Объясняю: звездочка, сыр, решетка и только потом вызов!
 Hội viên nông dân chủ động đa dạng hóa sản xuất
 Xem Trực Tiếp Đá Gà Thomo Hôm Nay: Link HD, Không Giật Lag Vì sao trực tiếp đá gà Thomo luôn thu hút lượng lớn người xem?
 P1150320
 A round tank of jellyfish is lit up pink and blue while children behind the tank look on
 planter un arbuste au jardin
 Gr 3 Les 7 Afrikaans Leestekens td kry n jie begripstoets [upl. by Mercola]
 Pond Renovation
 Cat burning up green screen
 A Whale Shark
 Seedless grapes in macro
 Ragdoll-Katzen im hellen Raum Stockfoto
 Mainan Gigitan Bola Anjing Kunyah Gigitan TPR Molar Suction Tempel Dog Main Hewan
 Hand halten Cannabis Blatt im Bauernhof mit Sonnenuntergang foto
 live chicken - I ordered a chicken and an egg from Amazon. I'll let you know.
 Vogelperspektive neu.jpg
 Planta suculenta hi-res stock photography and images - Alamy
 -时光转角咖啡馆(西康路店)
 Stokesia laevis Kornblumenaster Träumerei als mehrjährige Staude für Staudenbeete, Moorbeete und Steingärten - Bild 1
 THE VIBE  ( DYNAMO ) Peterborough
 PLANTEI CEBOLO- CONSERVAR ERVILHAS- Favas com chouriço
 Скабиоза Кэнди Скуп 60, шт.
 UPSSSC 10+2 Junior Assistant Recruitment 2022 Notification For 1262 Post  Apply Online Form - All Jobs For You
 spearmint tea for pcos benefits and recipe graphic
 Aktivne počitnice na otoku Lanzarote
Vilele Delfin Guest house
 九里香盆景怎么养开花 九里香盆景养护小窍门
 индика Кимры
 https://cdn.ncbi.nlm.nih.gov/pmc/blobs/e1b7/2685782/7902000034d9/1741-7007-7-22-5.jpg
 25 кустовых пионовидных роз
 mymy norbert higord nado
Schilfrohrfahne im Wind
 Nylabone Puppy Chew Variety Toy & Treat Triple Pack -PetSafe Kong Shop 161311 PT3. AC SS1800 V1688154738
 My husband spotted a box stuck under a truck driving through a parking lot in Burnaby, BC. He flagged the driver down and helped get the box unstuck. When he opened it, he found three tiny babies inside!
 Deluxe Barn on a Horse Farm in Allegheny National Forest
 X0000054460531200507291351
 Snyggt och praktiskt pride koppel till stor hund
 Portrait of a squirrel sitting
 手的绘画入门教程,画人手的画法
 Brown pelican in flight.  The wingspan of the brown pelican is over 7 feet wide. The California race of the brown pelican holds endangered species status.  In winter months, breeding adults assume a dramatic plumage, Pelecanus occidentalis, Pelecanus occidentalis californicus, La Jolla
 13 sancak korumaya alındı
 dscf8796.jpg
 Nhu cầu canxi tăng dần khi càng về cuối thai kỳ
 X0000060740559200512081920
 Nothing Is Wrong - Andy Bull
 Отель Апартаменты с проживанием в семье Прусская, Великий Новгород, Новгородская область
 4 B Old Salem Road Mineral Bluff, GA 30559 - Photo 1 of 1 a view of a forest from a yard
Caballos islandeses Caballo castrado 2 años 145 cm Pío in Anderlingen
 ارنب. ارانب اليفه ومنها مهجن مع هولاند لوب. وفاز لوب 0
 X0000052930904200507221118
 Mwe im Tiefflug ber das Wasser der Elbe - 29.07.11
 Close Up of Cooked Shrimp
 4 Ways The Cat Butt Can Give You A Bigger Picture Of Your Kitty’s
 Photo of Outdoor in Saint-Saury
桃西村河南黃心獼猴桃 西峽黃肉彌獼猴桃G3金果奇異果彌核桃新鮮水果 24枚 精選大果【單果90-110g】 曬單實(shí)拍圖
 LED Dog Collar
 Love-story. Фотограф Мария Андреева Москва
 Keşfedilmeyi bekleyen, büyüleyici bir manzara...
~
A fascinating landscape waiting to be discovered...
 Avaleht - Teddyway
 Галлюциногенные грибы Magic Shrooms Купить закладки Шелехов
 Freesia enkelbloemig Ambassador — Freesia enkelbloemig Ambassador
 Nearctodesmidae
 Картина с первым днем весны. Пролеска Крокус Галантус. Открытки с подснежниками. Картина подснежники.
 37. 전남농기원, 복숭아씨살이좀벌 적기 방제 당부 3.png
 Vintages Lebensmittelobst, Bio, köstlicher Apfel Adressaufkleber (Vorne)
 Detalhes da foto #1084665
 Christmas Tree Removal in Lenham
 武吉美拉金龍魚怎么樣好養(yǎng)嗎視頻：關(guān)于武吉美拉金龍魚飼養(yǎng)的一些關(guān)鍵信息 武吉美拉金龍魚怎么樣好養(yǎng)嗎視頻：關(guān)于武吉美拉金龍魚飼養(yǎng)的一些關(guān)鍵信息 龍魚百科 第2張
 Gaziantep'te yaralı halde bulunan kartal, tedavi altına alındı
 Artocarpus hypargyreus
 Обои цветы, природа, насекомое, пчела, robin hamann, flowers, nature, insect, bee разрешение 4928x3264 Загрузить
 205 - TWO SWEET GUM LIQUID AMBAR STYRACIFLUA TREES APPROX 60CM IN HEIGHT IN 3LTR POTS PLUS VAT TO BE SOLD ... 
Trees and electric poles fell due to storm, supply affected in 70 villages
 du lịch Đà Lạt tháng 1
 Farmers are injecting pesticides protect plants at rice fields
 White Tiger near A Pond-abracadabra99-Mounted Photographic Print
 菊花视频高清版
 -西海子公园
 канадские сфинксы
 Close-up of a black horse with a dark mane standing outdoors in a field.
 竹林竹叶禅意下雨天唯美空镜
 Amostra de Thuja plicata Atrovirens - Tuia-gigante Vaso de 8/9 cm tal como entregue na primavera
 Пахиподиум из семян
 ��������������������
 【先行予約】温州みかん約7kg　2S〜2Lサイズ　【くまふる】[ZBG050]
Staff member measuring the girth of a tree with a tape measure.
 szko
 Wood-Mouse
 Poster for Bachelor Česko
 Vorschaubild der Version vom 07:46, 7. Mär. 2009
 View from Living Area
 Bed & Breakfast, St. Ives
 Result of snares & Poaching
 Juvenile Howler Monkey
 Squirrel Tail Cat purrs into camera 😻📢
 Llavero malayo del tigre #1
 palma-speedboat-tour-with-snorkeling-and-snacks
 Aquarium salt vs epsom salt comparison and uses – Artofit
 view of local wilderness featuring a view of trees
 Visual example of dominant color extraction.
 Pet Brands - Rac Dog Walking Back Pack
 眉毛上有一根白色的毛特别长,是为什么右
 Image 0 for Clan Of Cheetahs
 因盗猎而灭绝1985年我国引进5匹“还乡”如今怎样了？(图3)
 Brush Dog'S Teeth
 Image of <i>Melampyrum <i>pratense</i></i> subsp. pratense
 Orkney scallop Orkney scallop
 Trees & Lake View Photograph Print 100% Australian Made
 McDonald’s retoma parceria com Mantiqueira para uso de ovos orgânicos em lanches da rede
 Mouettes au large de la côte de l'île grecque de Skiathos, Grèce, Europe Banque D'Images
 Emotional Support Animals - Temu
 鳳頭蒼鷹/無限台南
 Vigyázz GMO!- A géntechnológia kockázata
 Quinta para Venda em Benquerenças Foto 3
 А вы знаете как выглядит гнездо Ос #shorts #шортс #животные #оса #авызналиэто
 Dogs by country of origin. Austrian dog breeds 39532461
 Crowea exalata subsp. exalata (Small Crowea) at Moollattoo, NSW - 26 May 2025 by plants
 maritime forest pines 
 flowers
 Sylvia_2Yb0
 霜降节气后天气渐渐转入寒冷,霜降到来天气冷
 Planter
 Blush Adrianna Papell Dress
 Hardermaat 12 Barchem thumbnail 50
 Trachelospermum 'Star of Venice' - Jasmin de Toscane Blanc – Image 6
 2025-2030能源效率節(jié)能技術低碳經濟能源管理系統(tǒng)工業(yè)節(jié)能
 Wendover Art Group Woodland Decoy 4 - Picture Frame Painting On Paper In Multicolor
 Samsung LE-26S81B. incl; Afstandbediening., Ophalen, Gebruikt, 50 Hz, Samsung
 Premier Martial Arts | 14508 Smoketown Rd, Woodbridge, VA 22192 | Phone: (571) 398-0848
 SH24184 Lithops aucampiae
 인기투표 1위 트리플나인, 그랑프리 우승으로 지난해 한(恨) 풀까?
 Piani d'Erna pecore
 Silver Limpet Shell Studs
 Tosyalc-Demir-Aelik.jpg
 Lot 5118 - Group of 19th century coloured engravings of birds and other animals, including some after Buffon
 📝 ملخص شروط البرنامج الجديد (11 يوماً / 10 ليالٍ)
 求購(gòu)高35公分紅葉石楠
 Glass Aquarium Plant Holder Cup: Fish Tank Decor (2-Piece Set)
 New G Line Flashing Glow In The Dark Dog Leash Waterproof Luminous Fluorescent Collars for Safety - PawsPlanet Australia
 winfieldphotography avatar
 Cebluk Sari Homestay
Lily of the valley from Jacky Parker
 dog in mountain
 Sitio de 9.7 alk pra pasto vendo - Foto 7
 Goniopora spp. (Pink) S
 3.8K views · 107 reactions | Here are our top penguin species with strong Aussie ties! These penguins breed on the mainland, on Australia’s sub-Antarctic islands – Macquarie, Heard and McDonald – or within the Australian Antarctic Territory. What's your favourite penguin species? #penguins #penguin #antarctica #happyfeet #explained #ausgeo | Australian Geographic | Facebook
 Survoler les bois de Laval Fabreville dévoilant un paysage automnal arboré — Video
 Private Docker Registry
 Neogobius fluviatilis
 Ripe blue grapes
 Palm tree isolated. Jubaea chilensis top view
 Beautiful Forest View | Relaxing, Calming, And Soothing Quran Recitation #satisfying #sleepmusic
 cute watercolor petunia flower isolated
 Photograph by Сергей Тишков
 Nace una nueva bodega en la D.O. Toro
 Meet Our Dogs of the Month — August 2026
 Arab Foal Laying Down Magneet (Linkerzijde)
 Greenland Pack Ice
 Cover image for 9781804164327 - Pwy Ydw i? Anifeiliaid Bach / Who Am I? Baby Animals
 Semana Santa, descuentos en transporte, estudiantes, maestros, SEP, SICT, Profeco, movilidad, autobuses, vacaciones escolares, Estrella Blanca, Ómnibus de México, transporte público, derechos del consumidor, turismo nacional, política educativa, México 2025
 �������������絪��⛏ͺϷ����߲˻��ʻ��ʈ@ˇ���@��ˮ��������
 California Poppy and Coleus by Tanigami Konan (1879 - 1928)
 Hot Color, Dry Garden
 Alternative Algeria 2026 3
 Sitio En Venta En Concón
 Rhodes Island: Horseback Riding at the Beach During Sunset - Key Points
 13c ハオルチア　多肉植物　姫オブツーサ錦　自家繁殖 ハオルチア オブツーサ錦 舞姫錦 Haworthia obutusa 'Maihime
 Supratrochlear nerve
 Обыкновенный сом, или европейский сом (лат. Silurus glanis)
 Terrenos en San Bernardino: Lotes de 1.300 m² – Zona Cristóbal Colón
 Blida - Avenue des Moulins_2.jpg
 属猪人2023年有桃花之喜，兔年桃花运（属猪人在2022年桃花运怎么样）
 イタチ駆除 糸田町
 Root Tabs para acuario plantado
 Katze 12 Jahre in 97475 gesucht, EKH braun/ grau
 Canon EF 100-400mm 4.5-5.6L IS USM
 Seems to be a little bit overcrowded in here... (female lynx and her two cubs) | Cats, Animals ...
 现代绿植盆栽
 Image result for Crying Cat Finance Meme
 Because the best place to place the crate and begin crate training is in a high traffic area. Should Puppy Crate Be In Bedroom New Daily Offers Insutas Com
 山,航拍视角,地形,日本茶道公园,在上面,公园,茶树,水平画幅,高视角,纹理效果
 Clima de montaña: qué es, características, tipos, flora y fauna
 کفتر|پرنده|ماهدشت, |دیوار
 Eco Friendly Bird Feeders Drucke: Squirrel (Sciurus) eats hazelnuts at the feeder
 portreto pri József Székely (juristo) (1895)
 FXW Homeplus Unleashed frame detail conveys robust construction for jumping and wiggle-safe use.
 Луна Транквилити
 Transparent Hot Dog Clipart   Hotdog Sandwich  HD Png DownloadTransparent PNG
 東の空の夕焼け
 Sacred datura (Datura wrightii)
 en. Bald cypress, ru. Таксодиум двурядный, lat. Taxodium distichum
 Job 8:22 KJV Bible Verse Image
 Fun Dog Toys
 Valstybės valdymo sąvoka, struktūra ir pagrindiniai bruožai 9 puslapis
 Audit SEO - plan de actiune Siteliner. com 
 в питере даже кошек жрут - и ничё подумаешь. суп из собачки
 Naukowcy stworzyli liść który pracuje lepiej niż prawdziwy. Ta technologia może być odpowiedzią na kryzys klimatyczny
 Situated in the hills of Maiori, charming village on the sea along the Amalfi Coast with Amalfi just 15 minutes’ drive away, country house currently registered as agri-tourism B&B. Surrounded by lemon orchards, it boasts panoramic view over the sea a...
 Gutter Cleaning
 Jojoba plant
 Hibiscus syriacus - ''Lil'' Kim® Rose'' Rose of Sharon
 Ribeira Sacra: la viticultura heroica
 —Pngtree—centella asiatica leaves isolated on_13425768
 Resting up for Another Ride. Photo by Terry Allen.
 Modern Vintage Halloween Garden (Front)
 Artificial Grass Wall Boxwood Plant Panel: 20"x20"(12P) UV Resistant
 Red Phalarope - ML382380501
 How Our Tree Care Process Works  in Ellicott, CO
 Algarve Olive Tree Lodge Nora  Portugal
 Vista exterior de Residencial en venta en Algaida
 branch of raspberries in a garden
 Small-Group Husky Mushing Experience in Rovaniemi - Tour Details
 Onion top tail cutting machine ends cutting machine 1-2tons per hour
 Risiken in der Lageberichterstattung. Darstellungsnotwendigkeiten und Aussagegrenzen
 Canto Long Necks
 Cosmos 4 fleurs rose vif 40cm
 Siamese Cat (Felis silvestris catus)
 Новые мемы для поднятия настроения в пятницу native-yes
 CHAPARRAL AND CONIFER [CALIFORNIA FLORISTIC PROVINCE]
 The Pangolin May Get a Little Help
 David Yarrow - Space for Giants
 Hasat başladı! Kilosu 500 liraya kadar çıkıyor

◇ ◇ ◇

» WORK TASK: Set down, exactly as they appear above, all lines from the one that has "37. 전남농기원, 복숭아씨살이좀벌 적기 방제 당부 3.png" down to the one that has "Result of snares & Poaching", including those two and no others.

» REPLY:
 37. 전남농기원, 복숭아씨살이좀벌 적기 방제 당부 3.png
 Vintages Lebensmittelobst, Bio, köstlicher Apfel Adressaufkleber (Vorne)
 Detalhes da foto #1084665
 Christmas Tree Removal in Lenham
 武吉美拉金龍魚怎么樣好養(yǎng)嗎視頻：關(guān)于武吉美拉金龍魚飼養(yǎng)的一些關(guān)鍵信息 武吉美拉金龍魚怎么樣好養(yǎng)嗎視頻：關(guān)于武吉美拉金龍魚飼養(yǎng)的一些關(guān)鍵信息 龍魚百科 第2張
 Gaziantep'te yaralı halde bulunan kartal, tedavi altına alındı
 Artocarpus hypargyreus
 Обои цветы, природа, насекомое, пчела, robin hamann, flowers, nature, insect, bee разрешение 4928x3264 Загрузить
 205 - TWO SWEET GUM LIQUID AMBAR STYRACIFLUA TREES APPROX 60CM IN HEIGHT IN 3LTR POTS PLUS VAT TO BE SOLD ... 
Trees and electric poles fell due to storm, supply affected in 70 villages
 du lịch Đà Lạt tháng 1
 Farmers are injecting pesticides protect plants at rice fields
 White Tiger near A Pond-abracadabra99-Mounted Photographic Print
 菊花视频高清版
 -西海子公园
 канадские сфинксы
 Close-up of a black horse with a dark mane standing outdoors in a field.
 竹林竹叶禅意下雨天唯美空镜
 Amostra de Thuja plicata Atrovirens - Tuia-gigante Vaso de 8/9 cm tal como entregue na primavera
 Пахиподиум из семян
 ��������������������
 【先行予約】温州みかん約7kg　2S〜2Lサイズ　【くまふる】[ZBG050]
Staff member measuring the girth of a tree with a tape measure.
 szko
 Wood-Mouse
 Poster for Bachelor Česko
 Vorschaubild der Version vom 07:46, 7. Mär. 2009
 View from Living Area
 Bed & Breakfast, St. Ives
 Result of snares & Poaching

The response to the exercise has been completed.